Beautiful, Ugly, Crazy: Reflections on Infinite Jest

Kastalia Medrano

I was backpacking in Malaysia when, on a whim, I picked up a copy of Infinite Jest. I knew the book was very famous and that people liked to make a big deal about having read it and understood it, or else having read it and seen through the bullshit enough to sagely hate it. I started reading it at a hostel bar in Phnom Penh and had no strong feelings either way until page 12, when I read this:

“‘I read,’ I say. I study and read. I bet I’ve read everything you’ve read. Don’t think I haven’t. I consume libraries. I wear out spines and ROM-drives. I do things like get in a taxi and say, “The library, and step on it.” My instincts concerning syntax and mechanics are better than your own, I can tell, with due respect.
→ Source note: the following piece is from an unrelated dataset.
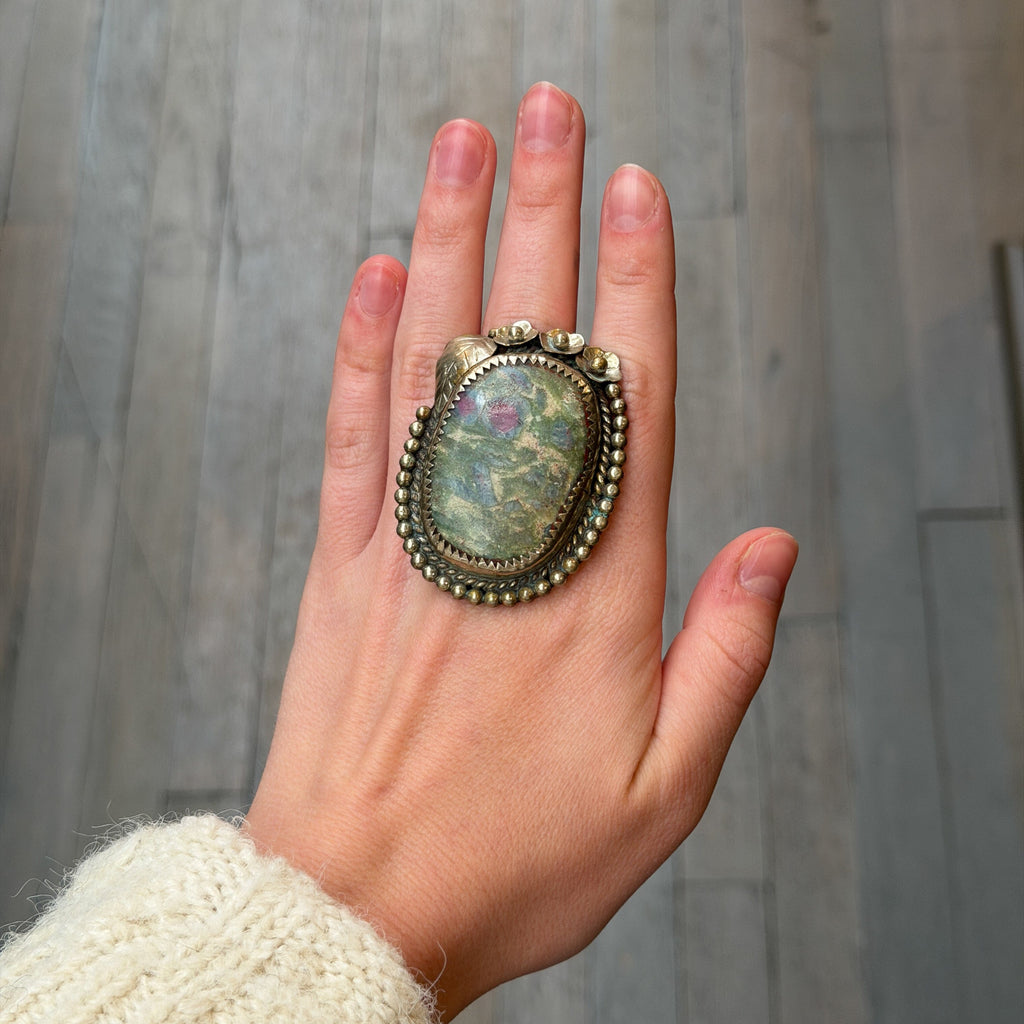 Hand wearing a large, ornate ring with a stone on a neutral background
‘But it transcends the mechanics. I’m not a machine. I feel and believe. I have opinions. Some of them are interesting. I could, if you’d let me, talk and talk. Let’s talk about anything. I believe the influence of Kierkegaard on Camus is underestimated. I believe Dennis Gabor may very well have been the Antichrist. I believe Hobbes is just Rousseau in a dark mirror. I believe, with Hegel, that transcendence is absorption. I could interface you guys right under the table,’ I say. I’m not just a cre?tus, manufactured, conditioned, bred for a function.’

I open my eyes. ‘Please don’t think I don’t care.’”

Well, I thought. That was me (at that age). Not actually, of course – I don’t have the elite breeding or conditioning that Hal does, and I certainly don’t have his lexical genius. But it was a caricature of me a few years ago. The essence of the thing felt so close to home that when I finally stopped reading that passage and moved on to the rest of the book, I felt like Wallace was writing for me.

Around this same time, The End of the Tour was drowning us all with buzz. If you had an Internet connection, you couldn’t get away from it, even in rural Cambodia. I became gradually aware that Infinite Jest is these days considered the province of hipster bros either intellectual or pseudo-intellectual, depending on where you stand. Wallace’s new generation of fans is young and male and pretentious and legion, and they apparently call him DFW and saturate the Internet with his myth. That was fine, I said to myself as I kept reading. I like this book. I don’t really mind who else likes or doesn’t like it. I used it as a pillow all over southeast Asia and did my best to tune out the noise.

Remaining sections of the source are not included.